Data supplied
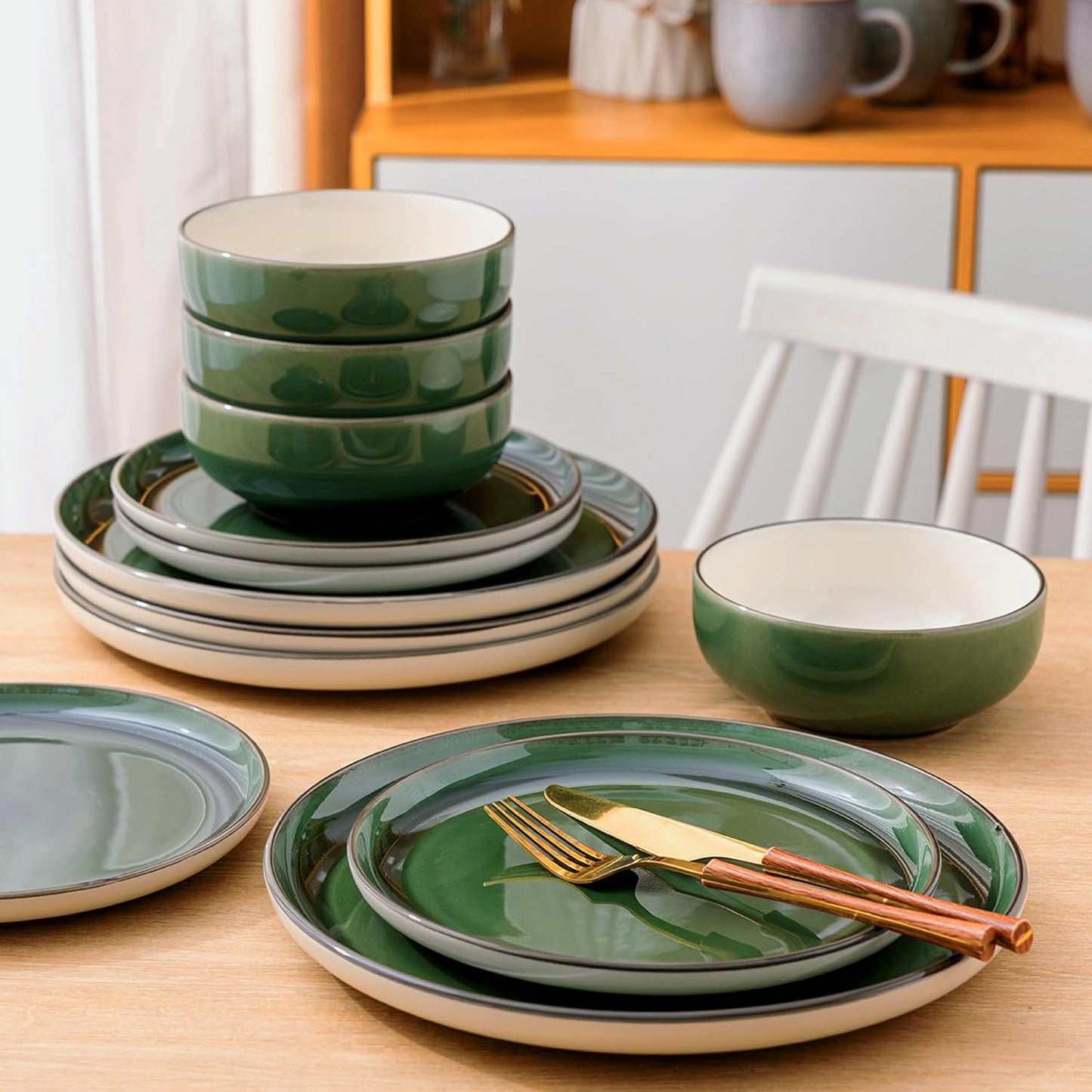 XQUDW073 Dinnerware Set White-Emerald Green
---
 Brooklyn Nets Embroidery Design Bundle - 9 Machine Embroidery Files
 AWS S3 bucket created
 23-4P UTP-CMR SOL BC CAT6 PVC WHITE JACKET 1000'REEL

What you are asked to do
An exact copy of the lines above, from the one containing "AWS S3 bucket created" down to the one containing "23-4P UTP-CMR SOL" and including both, is the whole answer; retype it and nothing else.

Task answer
 AWS S3 bucket created
 23-4P UTP-CMR SOL BC CAT6 PVC WHITE JACKET 1000'REEL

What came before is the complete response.